--- START ---

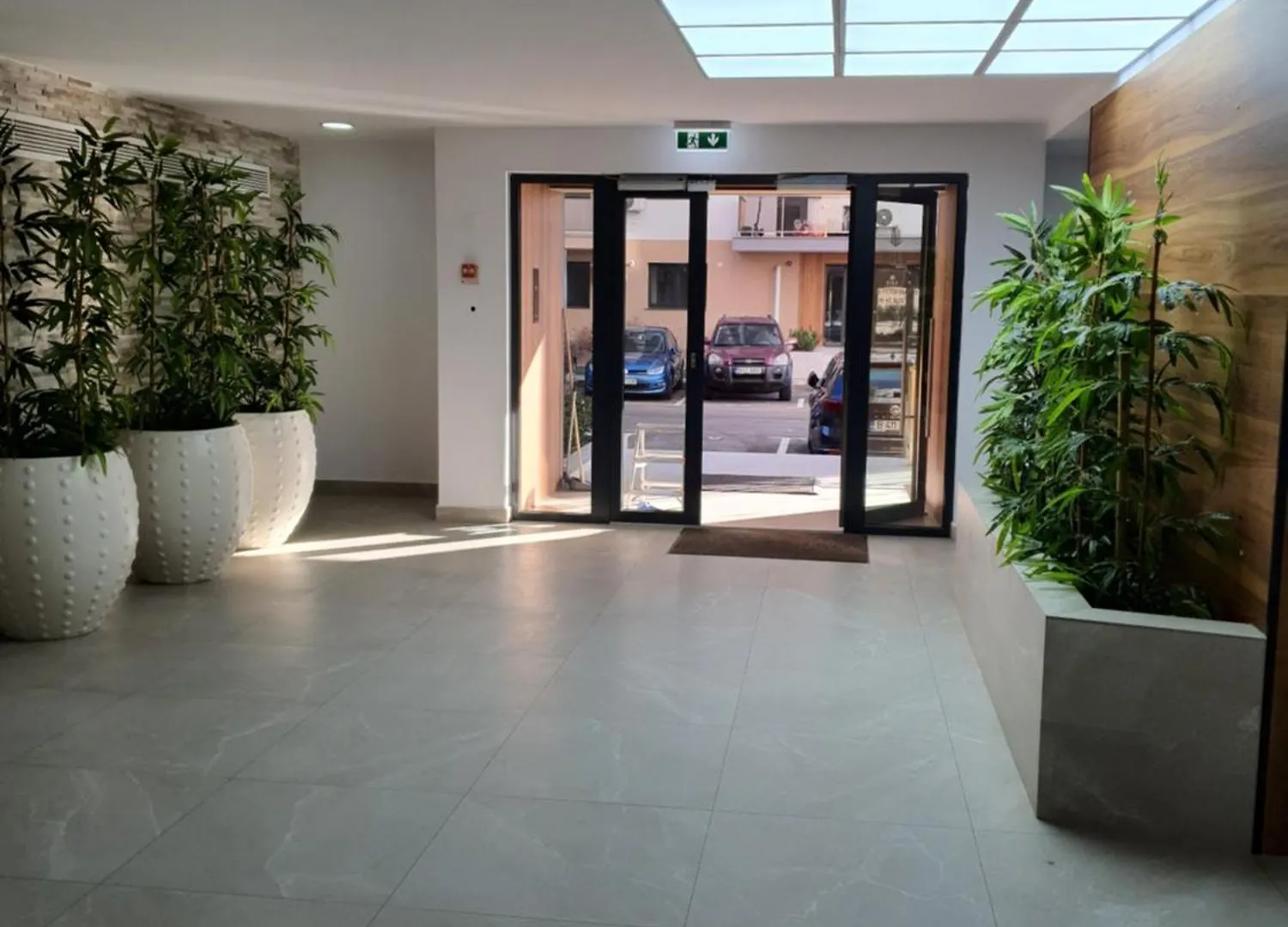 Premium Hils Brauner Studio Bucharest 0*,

--- END ---
--- START ---

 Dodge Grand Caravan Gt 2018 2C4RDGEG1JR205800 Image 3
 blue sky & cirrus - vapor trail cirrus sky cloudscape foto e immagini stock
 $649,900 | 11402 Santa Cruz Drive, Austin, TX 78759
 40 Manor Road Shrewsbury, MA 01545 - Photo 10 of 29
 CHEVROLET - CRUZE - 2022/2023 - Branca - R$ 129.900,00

--- END ---

Exercise brief: Look through the material above and print exactly the lines from the one containing "Dodge Grand Caravan" to the one containing "CHEVROLET - CRUZE", both included, and nothing more.

Exercise result:
 Dodge Grand Caravan Gt 2018 2C4RDGEG1JR205800 Image 3
 blue sky & cirrus - vapor trail cirrus sky cloudscape foto e immagini stock
 $649,900 | 11402 Santa Cruz Drive, Austin, TX 78759
 40 Manor Road Shrewsbury, MA 01545 - Photo 10 of 29
 CHEVROLET - CRUZE - 2022/2023 - Branca - R$ 129.900,00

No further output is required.